• [WHAT TO WORK ON]: Print nothing but the lines below starting at the line that holds "[upl. by Emina]" and ending at the line that holds "Architecture Original Art", including both, each exactly as written.

• [MATERIAL FOR THIS TASK]:

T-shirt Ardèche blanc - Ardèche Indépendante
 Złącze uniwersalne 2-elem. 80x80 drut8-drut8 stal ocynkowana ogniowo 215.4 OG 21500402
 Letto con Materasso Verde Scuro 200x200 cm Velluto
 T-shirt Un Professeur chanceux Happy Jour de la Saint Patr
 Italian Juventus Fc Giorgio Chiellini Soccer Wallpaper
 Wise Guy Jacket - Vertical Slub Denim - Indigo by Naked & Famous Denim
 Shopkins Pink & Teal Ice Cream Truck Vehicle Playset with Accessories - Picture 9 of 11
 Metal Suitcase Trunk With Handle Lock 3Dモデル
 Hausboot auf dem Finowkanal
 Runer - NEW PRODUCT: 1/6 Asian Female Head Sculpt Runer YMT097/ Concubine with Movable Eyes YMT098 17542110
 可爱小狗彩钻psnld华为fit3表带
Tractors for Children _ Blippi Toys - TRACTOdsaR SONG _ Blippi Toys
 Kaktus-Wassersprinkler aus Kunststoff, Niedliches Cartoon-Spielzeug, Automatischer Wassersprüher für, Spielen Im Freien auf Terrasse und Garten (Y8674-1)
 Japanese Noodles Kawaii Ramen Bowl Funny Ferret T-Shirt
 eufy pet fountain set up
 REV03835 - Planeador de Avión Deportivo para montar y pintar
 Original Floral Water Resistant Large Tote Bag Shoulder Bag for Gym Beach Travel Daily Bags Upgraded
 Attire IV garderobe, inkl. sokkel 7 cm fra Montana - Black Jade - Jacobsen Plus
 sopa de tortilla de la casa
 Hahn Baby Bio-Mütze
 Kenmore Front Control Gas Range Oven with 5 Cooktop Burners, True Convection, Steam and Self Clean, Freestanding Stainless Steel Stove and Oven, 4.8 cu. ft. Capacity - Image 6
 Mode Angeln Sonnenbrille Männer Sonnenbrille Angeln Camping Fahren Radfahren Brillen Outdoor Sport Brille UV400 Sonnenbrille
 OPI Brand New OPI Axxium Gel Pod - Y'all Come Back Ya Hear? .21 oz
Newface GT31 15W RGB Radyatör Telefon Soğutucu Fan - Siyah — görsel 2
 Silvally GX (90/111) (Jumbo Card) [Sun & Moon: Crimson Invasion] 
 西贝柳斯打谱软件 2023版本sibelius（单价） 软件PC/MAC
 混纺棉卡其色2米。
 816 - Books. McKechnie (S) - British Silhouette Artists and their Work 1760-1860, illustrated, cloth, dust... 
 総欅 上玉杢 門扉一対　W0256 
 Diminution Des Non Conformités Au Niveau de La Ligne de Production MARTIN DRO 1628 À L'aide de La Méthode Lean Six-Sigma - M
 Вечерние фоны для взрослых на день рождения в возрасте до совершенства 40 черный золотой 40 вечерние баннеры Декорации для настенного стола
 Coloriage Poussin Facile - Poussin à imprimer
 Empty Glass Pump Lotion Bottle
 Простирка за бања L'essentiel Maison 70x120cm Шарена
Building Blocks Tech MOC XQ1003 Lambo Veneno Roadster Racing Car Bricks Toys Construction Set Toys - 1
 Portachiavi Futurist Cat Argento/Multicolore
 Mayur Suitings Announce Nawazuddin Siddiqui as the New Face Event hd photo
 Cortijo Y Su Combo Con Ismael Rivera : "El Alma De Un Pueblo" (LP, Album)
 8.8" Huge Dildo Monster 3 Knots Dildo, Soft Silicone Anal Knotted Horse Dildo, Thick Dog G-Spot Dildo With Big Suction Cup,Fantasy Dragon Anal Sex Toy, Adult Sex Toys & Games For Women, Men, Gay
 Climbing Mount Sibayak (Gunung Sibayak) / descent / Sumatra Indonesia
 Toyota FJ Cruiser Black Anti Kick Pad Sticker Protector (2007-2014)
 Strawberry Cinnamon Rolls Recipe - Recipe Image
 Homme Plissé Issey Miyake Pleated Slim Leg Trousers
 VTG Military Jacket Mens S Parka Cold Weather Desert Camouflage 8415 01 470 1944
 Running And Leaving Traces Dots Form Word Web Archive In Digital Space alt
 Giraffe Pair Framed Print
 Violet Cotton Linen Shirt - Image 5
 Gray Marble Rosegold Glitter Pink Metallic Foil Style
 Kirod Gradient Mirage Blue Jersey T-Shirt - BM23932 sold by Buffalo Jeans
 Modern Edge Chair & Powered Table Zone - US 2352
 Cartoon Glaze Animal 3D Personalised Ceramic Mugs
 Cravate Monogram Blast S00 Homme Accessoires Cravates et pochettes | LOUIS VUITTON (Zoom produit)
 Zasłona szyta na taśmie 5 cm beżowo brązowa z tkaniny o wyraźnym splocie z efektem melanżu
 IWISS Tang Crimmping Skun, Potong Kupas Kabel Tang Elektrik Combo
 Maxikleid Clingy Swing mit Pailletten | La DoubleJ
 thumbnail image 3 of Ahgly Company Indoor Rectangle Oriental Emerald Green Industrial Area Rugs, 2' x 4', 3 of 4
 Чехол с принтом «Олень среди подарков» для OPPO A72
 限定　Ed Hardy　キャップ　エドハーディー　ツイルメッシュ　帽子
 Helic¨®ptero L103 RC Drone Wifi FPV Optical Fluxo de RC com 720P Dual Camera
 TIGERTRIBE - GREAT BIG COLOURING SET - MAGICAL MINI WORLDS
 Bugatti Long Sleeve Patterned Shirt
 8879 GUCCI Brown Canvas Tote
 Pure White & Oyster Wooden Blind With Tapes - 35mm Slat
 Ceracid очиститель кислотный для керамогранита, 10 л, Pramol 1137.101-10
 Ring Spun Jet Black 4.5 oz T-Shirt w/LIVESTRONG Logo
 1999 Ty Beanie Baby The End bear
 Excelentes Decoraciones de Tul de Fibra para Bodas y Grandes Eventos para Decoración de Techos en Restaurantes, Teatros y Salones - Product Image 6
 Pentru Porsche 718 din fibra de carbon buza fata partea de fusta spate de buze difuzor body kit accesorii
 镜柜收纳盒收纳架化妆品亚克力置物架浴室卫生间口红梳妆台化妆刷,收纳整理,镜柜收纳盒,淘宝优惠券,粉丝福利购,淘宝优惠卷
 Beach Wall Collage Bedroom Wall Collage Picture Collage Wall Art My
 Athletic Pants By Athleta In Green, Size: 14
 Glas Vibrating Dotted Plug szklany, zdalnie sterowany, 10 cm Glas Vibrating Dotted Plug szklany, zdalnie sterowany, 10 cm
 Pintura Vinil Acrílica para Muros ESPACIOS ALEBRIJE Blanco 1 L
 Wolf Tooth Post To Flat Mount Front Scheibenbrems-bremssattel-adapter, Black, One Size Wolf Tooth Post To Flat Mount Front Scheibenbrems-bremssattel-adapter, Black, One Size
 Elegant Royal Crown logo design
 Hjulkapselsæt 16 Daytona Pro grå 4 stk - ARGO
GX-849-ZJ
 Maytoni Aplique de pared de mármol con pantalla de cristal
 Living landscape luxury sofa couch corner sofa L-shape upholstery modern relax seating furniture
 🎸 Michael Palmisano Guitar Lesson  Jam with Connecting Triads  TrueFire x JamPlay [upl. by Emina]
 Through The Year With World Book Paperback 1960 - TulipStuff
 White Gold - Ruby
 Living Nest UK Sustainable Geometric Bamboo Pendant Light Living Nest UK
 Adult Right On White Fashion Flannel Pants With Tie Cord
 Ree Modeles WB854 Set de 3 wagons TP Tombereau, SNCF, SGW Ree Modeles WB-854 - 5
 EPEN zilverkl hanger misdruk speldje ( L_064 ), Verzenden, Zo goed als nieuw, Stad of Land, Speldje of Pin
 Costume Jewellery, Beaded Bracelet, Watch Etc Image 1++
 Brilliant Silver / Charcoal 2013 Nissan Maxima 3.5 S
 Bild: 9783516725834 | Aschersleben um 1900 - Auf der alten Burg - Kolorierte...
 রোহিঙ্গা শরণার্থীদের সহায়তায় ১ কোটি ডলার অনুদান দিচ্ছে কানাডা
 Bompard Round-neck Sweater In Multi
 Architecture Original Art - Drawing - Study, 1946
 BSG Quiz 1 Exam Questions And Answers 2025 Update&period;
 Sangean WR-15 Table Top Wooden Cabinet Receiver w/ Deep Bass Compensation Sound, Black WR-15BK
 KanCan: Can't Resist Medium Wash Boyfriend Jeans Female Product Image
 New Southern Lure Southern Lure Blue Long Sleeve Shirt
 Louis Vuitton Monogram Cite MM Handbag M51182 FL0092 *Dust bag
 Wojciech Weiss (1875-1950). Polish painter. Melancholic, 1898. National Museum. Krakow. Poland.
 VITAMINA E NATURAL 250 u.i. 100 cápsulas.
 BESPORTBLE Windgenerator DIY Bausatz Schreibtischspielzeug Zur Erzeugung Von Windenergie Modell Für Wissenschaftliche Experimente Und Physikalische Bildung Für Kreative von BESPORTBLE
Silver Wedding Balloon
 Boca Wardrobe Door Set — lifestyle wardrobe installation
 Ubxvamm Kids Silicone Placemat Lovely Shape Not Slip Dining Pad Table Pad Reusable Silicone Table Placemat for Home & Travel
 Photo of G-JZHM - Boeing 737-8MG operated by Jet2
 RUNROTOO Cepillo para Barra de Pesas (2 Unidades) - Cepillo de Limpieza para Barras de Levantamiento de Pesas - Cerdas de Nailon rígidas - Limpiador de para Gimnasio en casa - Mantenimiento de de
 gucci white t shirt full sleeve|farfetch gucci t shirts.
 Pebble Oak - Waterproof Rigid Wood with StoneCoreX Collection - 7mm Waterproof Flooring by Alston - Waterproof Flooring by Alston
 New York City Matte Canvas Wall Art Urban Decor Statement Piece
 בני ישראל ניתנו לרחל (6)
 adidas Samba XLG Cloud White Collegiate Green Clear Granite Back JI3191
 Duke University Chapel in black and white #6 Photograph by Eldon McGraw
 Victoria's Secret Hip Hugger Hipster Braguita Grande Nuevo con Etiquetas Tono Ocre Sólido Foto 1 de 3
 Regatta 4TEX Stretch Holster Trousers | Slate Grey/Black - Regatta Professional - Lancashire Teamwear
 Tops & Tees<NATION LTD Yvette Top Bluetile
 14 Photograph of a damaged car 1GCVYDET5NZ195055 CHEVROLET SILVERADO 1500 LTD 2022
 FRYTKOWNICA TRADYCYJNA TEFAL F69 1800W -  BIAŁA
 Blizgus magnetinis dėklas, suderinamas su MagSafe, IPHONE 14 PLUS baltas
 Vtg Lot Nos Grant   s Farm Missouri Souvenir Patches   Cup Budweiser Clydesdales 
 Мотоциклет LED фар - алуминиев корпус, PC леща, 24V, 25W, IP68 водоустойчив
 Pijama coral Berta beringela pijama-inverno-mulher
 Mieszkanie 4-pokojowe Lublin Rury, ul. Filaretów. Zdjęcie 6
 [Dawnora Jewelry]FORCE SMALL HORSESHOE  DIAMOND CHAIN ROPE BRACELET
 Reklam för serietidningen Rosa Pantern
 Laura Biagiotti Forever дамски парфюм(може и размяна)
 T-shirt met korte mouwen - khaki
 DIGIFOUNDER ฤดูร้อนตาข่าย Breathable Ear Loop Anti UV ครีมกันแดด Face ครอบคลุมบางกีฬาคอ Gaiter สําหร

• [TASK ANSWER]:
 🎸 Michael Palmisano Guitar Lesson  Jam with Connecting Triads  TrueFire x JamPlay [upl. by Emina]
 Through The Year With World Book Paperback 1960 - TulipStuff
 White Gold - Ruby
 Living Nest UK Sustainable Geometric Bamboo Pendant Light Living Nest UK
 Adult Right On White Fashion Flannel Pants With Tie Cord
 Ree Modeles WB854 Set de 3 wagons TP Tombereau, SNCF, SGW Ree Modeles WB-854 - 5
 EPEN zilverkl hanger misdruk speldje ( L_064 ), Verzenden, Zo goed als nieuw, Stad of Land, Speldje of Pin
 Costume Jewellery, Beaded Bracelet, Watch Etc Image 1++
 Brilliant Silver / Charcoal 2013 Nissan Maxima 3.5 S
 Bild: 9783516725834 | Aschersleben um 1900 - Auf der alten Burg - Kolorierte...
 রোহিঙ্গা শরণার্থীদের সহায়তায় ১ কোটি ডলার অনুদান দিচ্ছে কানাডা
 Bompard Round-neck Sweater In Multi
 Architecture Original Art - Drawing - Study, 1946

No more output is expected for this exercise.